--- Given information ---

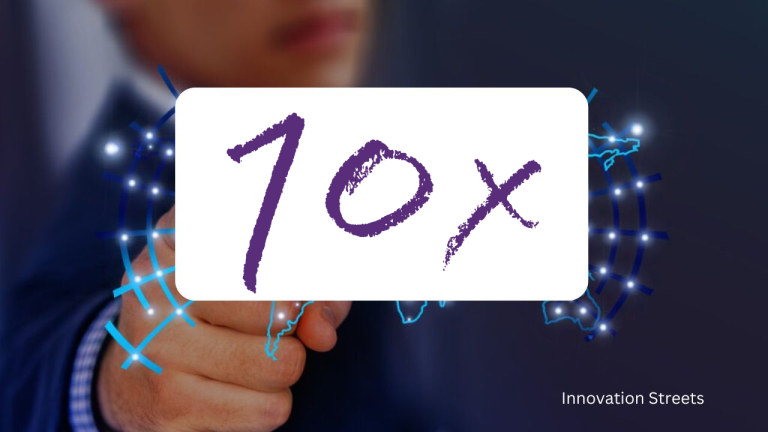 10x Banking Unveils AI Tools to Power Core Banking Innovation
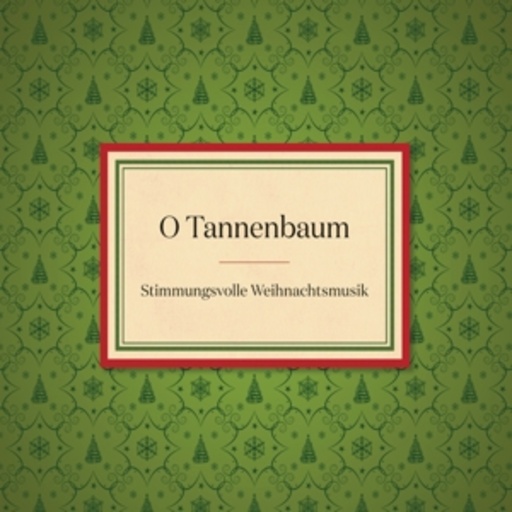 Diverse – O Tannenbaum
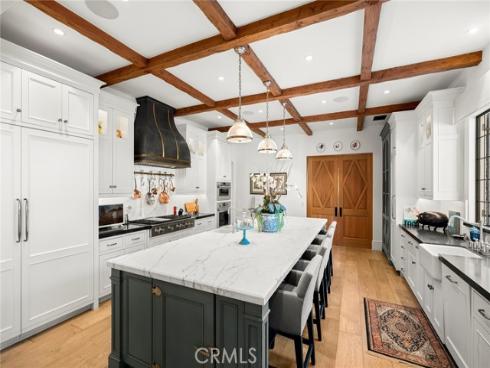 7  Oakmont   Lane, Newport Beach, CA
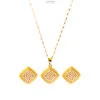 Coffret Deesse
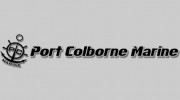 Port Colborne Marine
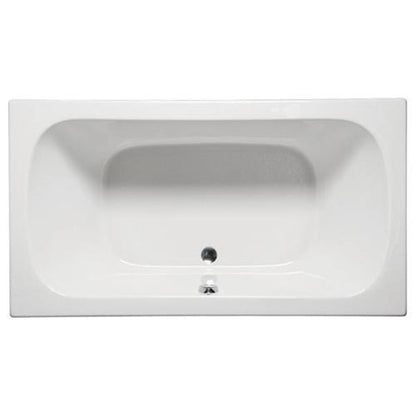 Americh - Monet 6636 Bathtub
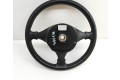 Volant Toyota Supra A80 1993 4510314270  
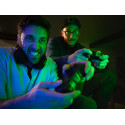 Philips Hue Play hdmi sync box
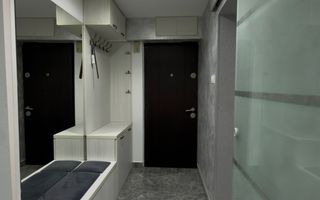 De inchiriat 3 camere  Giurgiului | Parcare | Berceni Resita - Poză 4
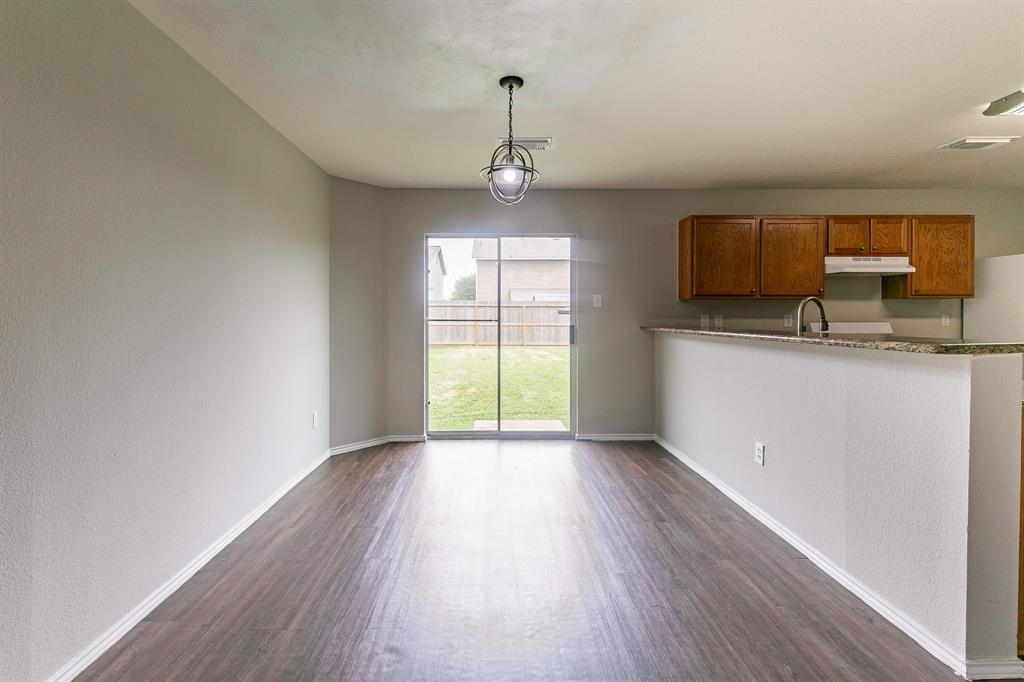 7831 Galleon Field Lane, Cypress, Texas image 5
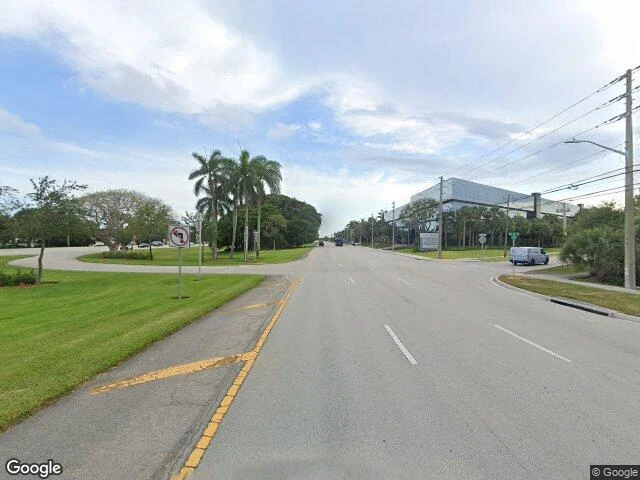 House image located at Boca Raton, FL 33432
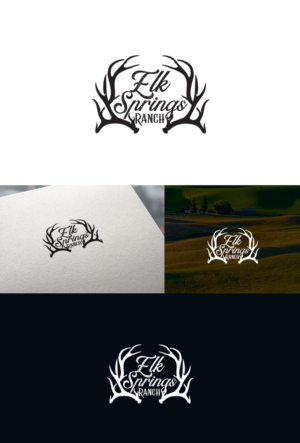 Logo-Design von Th3o für dieses Projekt | Design: #25748029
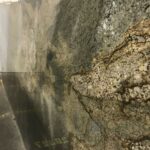 Granite – Astral Coffee slab-min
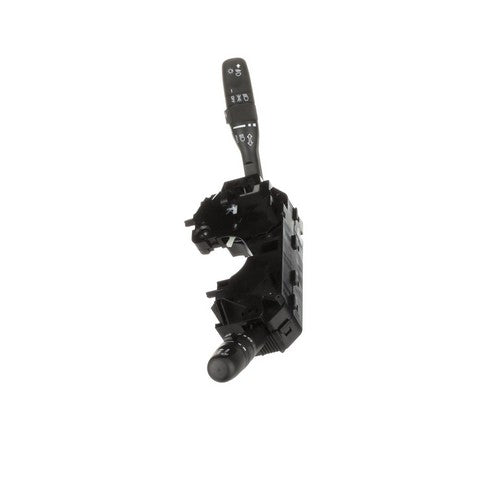 Standard Ignition Fog Light Switch,Headlight Switch,Turn Signal Switch,Windshield Wiper Switch P/N:CBS-1200 Fits: Jeep Liberty 07-02 - Image 3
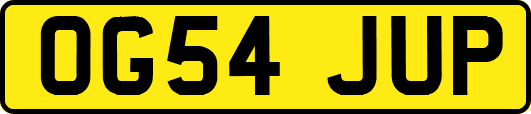 OG54JUP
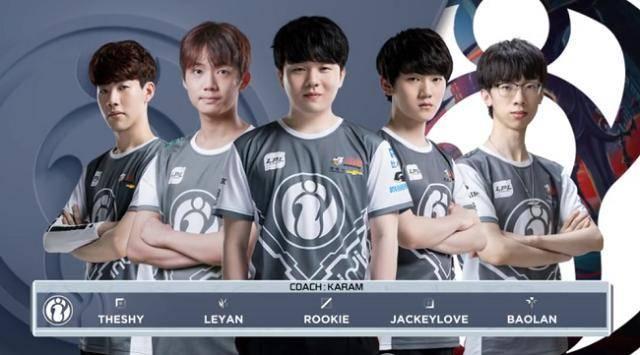 0完胜赫塔 0完胜赫塔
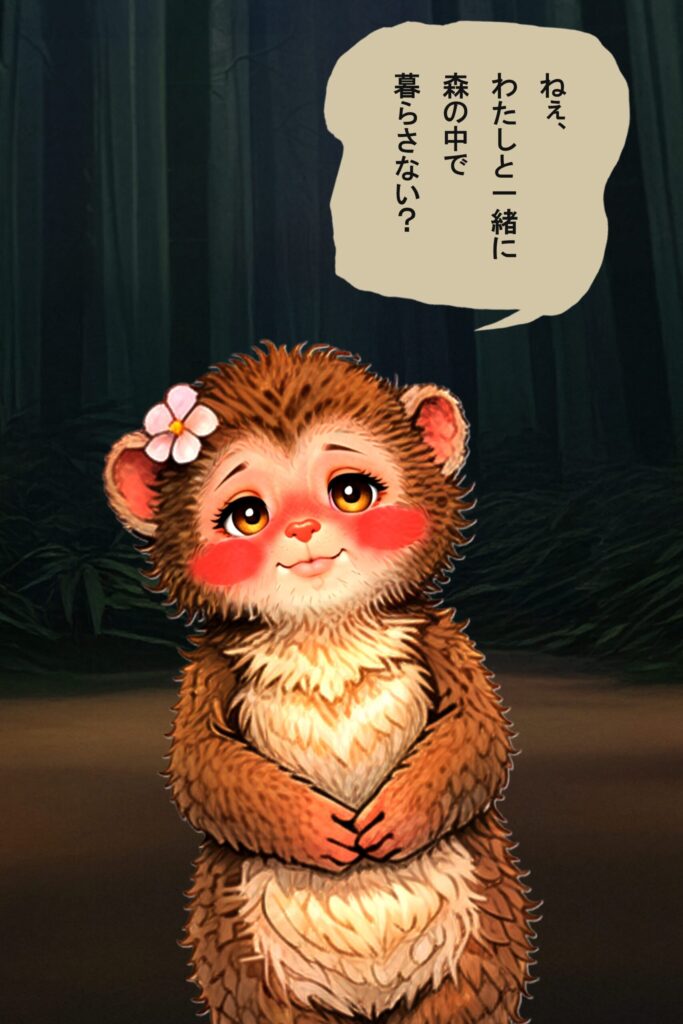 osawagase-jyojyaku-024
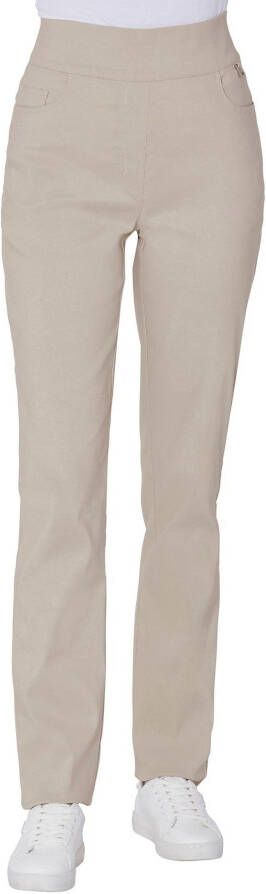Stehmann Comfortbroek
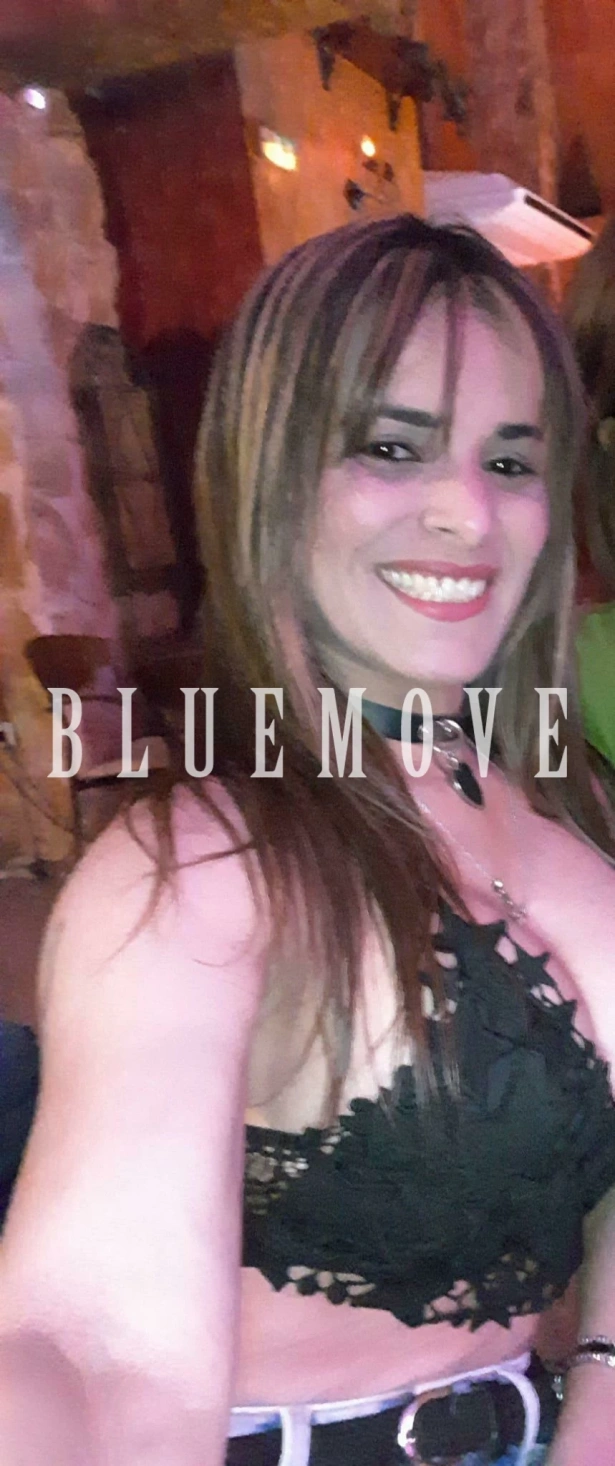 Acompanhantes, Cenas románticas, Salir de fiesta, Masaje cuerpo a cuerpo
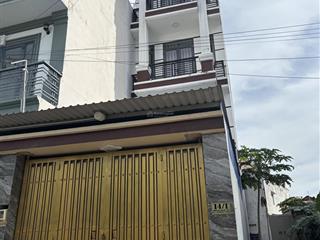 Siêu phẩm ngay lê văn việt  sau villa saigon hill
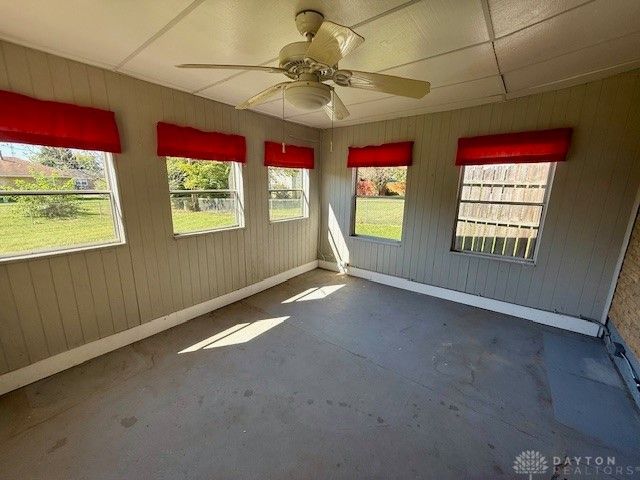 4249 Reno Road, Springfield, OH 45503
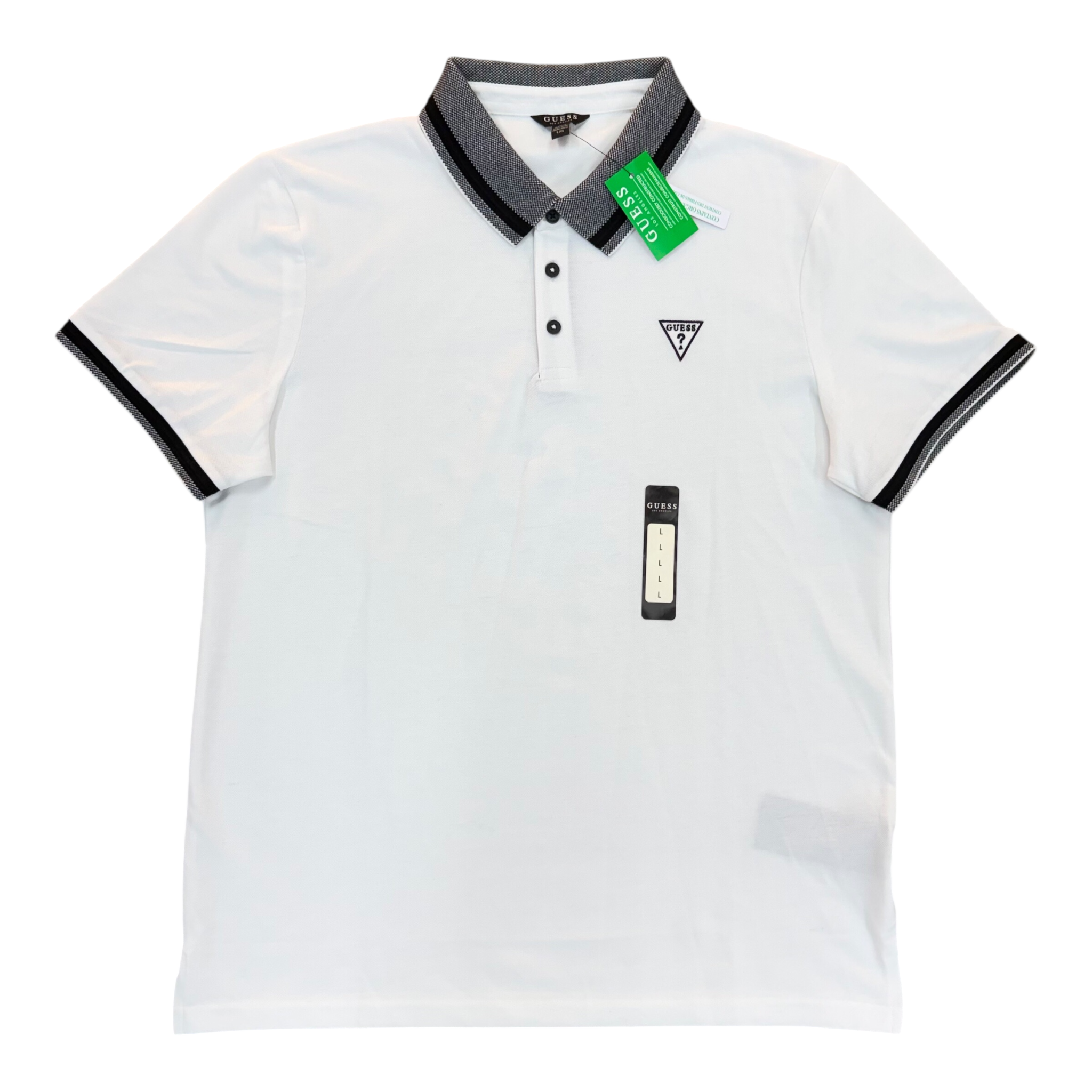 Polo Guess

---

▶ Task statement
Copy every line above word for word and exclude the pictures.

▶ Response for this exercise
 10x Banking Unveils AI Tools to Power Core Banking Innovation
 Diverse – O Tannenbaum
 7  Oakmont   Lane, Newport Beach, CA
 Coffret Deesse
 Port Colborne Marine
 Americh - Monet 6636 Bathtub
 Volant Toyota Supra A80 1993 4510314270  
 Philips Hue Play hdmi sync box
 De inchiriat 3 camere  Giurgiului | Parcare | Berceni Resita - Poză 4
 7831 Galleon Field Lane, Cypress, Texas image 5
 House image located at Boca Raton, FL 33432
 Logo-Design von Th3o für dieses Projekt | Design: #25748029
 Granite – Astral Coffee slab-min
 Standard Ignition Fog Light Switch,Headlight Switch,Turn Signal Switch,Windshield Wiper Switch P/N:CBS-1200 Fits: Jeep Liberty 07-02 - Image 3
 OG54JUP
 0完胜赫塔 0完胜赫塔
 osawagase-jyojyaku-024
Stehmann Comfortbroek
 Acompanhantes, Cenas románticas, Salir de fiesta, Masaje cuerpo a cuerpo
 Siêu phẩm ngay lê văn việt  sau villa saigon hill
 4249 Reno Road, Springfield, OH 45503
 Polo Guess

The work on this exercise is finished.